In Kubernetes, effective resource management is critical for ensuring workloads receive fair access to resources while preventing resource starvation or overutilization. CPU requests and limits serve as essential tools to achieve this balance. However, the misuse of CPU limits can be counterproductive, as it causes ineffective resource utilization in the cluster.

In this tutorial, we’ll learn about CPU resources in the context of a Kubernetes cluster. Then, we’ll dive deeper into CPU limits and see how they can be counterproductive in certain scenarios.

2. Kubernetes CPU and Cores

A Central Processing Unit (CPU) is a computer’s primary computational component, responsible for executing instructions. A core, in a general sense, represents an independent processing unit within a CPU, capable of handling computational tasks simultaneously. Modern CPUs typically contain multiple cores, enabling parallel processing and improved performance.

2.1. CPU Measurements in Kubernetes

In Kubernetes, the term core takes on a slightly different meaning. In Kubernetes, core is a unit of measurement of a cluster’s CPU resource, and one core is equivalent to 1000 millicores. This granularity allows a finer specification of the CPU resource, such that we slice the CPU time more finely for our workload.

Importantly, Kubernetes designates CPU resources in terms of time instead of the actual computing power. Specifically, when we say that a workload would use at least 250 millicores, it means that the workload should be allowed to run for 25% of the time on a single CPU core within a scheduling period.
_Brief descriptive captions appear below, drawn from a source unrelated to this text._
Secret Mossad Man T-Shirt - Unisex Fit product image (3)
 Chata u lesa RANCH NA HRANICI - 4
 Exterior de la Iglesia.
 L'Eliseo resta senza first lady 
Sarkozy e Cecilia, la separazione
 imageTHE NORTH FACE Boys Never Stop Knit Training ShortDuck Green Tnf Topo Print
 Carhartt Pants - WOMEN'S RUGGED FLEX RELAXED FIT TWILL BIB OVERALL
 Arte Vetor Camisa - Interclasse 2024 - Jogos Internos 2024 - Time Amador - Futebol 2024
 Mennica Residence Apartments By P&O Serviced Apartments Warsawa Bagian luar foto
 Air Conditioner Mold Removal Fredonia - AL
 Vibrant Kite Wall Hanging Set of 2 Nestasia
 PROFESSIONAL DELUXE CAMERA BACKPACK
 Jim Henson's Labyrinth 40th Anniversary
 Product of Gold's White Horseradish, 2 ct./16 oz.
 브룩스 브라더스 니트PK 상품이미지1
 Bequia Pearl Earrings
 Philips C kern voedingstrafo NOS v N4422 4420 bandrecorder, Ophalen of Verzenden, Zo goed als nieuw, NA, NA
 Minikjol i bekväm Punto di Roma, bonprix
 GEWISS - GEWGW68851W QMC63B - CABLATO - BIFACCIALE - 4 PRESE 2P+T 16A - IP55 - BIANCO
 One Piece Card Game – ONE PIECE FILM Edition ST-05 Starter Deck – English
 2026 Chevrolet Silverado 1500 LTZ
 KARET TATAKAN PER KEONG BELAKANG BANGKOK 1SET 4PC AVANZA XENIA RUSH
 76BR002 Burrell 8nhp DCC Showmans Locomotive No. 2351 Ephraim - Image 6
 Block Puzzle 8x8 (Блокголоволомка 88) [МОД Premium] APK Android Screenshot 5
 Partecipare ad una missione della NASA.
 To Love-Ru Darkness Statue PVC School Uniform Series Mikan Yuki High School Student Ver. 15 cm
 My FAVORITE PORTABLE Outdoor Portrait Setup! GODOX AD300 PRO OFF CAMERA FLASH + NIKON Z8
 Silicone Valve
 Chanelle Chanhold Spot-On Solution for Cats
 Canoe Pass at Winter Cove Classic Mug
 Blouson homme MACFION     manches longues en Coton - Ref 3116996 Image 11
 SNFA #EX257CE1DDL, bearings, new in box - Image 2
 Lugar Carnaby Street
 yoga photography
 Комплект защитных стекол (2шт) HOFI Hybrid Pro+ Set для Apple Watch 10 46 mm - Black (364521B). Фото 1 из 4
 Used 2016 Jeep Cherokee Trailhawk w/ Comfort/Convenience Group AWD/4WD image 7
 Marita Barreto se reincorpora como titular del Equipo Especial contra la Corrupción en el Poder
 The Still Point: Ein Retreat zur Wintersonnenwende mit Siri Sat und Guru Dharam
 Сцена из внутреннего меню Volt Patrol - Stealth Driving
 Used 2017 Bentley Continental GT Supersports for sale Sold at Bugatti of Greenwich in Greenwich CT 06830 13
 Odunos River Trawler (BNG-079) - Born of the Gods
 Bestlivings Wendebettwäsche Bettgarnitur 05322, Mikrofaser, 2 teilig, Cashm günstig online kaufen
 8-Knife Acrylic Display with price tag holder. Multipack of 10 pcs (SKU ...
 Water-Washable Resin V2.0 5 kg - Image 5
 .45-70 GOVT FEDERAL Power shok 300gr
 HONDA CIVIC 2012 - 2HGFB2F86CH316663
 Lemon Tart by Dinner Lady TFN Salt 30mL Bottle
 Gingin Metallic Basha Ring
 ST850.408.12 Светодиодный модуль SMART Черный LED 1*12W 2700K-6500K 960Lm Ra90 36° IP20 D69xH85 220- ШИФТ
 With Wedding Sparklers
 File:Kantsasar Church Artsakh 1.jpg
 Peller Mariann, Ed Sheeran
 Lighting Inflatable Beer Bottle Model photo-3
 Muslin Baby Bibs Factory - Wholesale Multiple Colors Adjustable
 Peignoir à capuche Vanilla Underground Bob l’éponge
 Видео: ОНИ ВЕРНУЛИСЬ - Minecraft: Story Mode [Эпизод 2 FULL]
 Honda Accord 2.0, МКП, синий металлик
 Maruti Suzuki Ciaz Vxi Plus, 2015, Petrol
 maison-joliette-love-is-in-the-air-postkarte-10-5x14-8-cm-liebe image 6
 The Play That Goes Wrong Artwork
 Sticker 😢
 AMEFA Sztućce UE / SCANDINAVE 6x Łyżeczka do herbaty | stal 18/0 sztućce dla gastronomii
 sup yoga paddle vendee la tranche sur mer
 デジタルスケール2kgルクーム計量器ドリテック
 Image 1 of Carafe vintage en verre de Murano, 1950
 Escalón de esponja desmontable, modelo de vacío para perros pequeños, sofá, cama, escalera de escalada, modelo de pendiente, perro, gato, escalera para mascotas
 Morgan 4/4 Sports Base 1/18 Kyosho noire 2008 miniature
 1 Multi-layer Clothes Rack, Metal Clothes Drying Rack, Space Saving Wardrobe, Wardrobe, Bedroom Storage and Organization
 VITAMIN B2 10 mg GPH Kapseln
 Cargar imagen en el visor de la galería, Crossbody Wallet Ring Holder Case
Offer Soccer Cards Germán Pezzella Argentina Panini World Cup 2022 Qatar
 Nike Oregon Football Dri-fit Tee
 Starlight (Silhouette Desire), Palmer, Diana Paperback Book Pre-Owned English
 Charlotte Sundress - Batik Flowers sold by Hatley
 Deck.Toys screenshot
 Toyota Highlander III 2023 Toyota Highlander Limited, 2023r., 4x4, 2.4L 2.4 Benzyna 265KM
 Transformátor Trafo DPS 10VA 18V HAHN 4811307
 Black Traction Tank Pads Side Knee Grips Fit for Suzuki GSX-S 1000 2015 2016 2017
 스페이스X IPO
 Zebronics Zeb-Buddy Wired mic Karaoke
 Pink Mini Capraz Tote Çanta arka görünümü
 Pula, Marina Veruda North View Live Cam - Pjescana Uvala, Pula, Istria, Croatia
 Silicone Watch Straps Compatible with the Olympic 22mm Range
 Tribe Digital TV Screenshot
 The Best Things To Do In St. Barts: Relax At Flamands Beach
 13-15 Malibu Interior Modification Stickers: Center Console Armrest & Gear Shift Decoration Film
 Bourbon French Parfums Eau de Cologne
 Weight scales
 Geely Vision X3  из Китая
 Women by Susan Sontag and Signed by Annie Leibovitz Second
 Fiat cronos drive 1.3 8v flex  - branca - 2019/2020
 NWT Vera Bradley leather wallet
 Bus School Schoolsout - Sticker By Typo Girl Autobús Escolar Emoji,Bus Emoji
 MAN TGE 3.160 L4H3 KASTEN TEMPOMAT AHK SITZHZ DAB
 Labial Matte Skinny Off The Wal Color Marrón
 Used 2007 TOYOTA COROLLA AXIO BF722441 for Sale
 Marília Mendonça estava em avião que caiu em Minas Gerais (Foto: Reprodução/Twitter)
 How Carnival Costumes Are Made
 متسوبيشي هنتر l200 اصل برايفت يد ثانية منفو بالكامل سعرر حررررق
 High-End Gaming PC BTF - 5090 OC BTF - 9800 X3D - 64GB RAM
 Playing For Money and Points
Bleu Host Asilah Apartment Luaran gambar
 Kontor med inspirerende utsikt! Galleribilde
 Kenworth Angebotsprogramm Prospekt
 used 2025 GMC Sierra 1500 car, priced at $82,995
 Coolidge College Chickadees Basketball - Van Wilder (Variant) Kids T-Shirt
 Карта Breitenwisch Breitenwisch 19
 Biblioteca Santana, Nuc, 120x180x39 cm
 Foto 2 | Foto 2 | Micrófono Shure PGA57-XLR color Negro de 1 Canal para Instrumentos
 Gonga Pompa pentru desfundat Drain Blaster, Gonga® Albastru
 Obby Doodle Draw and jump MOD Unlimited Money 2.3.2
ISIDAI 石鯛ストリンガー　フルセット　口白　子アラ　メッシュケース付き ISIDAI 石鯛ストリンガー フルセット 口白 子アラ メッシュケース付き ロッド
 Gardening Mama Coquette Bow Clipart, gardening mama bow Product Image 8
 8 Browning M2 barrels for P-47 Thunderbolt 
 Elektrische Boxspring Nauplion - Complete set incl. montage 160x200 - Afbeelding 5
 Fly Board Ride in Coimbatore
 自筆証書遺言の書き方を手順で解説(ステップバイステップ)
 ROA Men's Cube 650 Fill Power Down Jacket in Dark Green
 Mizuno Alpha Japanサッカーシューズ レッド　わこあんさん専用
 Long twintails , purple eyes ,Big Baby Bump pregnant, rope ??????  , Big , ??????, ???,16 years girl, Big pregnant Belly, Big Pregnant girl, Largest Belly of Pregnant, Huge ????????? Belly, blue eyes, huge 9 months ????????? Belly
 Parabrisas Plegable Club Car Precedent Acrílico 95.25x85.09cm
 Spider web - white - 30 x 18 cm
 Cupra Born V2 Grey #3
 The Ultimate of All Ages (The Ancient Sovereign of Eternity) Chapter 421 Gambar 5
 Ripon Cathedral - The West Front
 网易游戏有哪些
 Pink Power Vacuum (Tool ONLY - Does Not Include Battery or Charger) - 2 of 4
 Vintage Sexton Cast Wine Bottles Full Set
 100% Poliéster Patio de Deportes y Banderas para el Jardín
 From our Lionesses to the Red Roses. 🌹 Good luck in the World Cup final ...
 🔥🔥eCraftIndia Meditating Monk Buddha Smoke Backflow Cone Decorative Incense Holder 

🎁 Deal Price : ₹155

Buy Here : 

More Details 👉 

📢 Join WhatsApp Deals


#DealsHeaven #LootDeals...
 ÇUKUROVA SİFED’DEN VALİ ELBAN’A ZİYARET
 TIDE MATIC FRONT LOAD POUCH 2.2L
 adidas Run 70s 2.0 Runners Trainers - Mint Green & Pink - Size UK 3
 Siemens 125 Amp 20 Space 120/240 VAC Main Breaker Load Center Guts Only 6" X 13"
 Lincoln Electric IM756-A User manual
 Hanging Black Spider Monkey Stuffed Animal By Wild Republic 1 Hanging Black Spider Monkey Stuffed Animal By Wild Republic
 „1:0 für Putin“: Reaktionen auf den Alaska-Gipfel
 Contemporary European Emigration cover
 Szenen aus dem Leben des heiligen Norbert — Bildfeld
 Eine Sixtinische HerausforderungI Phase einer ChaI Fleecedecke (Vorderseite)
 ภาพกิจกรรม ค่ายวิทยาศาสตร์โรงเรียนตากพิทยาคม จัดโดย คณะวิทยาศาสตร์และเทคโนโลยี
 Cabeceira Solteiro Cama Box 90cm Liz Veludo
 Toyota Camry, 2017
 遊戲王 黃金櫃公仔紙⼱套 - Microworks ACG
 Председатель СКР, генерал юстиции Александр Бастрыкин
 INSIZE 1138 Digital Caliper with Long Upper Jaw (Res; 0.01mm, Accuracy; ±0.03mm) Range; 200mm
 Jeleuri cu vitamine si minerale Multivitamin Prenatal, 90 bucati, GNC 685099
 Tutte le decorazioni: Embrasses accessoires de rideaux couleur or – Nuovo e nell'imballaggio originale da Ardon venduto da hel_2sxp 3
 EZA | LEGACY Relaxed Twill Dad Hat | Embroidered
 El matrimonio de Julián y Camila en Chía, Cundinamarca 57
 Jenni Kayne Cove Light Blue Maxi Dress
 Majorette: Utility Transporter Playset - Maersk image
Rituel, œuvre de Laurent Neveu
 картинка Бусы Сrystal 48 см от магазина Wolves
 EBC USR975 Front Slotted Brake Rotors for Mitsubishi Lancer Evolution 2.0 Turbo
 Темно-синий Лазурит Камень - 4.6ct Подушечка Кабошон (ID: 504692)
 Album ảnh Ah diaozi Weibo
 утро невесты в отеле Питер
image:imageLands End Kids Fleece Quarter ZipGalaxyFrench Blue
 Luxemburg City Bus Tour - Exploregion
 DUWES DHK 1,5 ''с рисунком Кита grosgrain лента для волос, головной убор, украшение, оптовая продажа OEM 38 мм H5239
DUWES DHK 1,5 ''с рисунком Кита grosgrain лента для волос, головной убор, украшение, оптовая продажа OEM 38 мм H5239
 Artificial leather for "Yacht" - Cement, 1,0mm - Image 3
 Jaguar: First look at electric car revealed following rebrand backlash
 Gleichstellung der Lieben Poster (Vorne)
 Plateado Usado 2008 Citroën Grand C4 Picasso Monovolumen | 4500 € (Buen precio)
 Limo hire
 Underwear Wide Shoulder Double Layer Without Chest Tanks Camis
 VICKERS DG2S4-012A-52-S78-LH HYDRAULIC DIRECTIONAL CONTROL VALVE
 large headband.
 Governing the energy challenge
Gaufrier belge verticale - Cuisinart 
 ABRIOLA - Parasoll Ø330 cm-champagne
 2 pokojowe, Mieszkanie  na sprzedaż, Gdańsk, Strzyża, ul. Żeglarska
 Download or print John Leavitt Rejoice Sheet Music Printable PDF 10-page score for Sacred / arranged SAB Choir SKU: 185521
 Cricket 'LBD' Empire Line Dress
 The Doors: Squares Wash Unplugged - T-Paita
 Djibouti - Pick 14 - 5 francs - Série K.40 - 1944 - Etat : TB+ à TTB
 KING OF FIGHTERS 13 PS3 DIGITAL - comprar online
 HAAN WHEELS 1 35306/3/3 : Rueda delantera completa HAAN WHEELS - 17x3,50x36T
Similarly, when a workload takes up two cores, it would take up 100% of the execution time of two CPU cores in any given time window.

In essence, the CPU cores measurement in a Kubernetes cluster estimates the share of the cluster’s processing time allocated to our workload, rather than directly representing the actual processing power.

2.2. CPU Requests and Limits

Kubernetes supports specifying the minimum and maximum CPU cores a workload can utilize using the requests and limit keywords. Concretely, we can define the requests and limits of the CPU resource for our pods through the pod specification:

apiVersion: v1
kind: Pod
metadata:
  name: banking-service
spec:
  containers:
    - name: banking-service
      image: banking:1.0.0
      resources:
        requests:
          cpu: "250m"
        limits:
          cpu: "500m"

In the example above, we create a pod resource banking-service that requires a minimum of 250 millicores and can use up to a maximum of 500 millicores.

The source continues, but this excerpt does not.